The answer will be written in C, with POSIX multibyte functions. The said functions are also found on Windows. Assume that the bytestring ends at len and is well-formed up to the point; assume appropriate setlocale calls. Porting to mbrlen is left as an exercise for the reader.

The naive solution

The obviously correct solution involves parsing the encoding "as intended", going from left-to-right.

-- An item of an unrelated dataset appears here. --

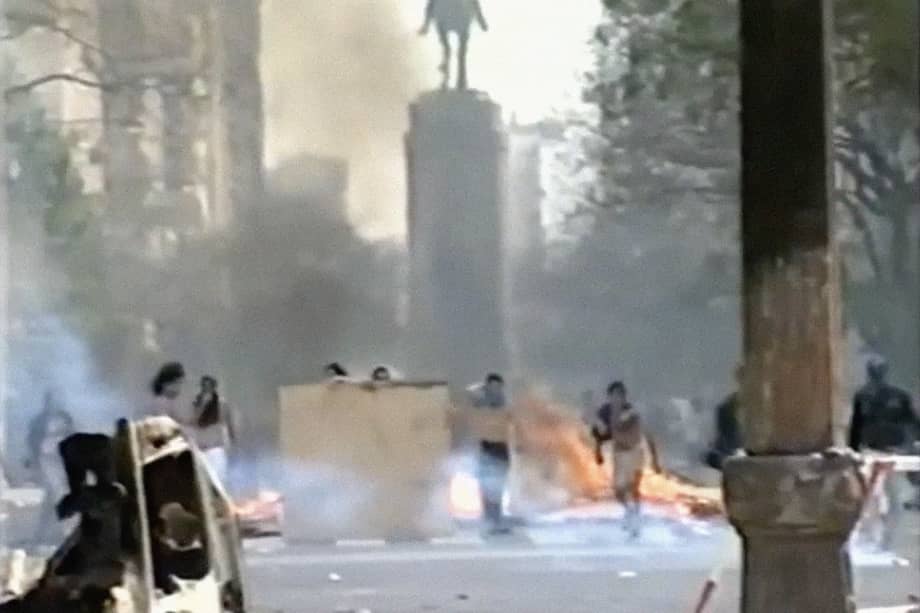 “2001: El año del corralito” será estrenado el 1 de diciembre en VOD / History Play.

ssize_t index_of_last_char_left(const char *c, size_t len) {
  size_t pos = 0;
  size_t next = 1;
  mblen(NULL, 0);

  while (pos < len - 1) {
    next = mblen(c + pos, len - pos);
    if (next == -1)  // Invalid input
      return pos;
    pos += next;
  }

  return pos - next;
}

Deleting multiple characters like this will cause an "accidentally quadratic" situation; memorizing of intermediate positions will help, but additional management is required.

The right-to-left solution

As I mentioned in the question, for self-synchonizing encodings the only thing to do is to look for a start marker. But what breaks with the ones that don't self-synchonize?

  • The one-or-two-byte EUC encodings have both bytes of the two-byte sequence higher than 0x7f, and there's almost no differentiating between start and continuation bytes. For that we can check for mblen(pos) == bytes_left since we know the string is well-formed.
  • The Big5, GBK, and GB10830 encodings also allow a continuation byte in the ASCII range, so a lookbehind is mandatory.

With that cleared out (and assuming the bytestring up to len is well-formed), we can have:

// As much as CJK encodings do. I don't have time to see if it works for UTF-1.
#define MAX_MB_LEN 4

ssize_t index_of_last_char_right(const char *c, size_t len) {
  ssize_t pos = len - 1;
  bool last = true;
  bool last_is_okay = false;
  assert(!mblen(NULL, 0));   // No, we really cannot handle shift states.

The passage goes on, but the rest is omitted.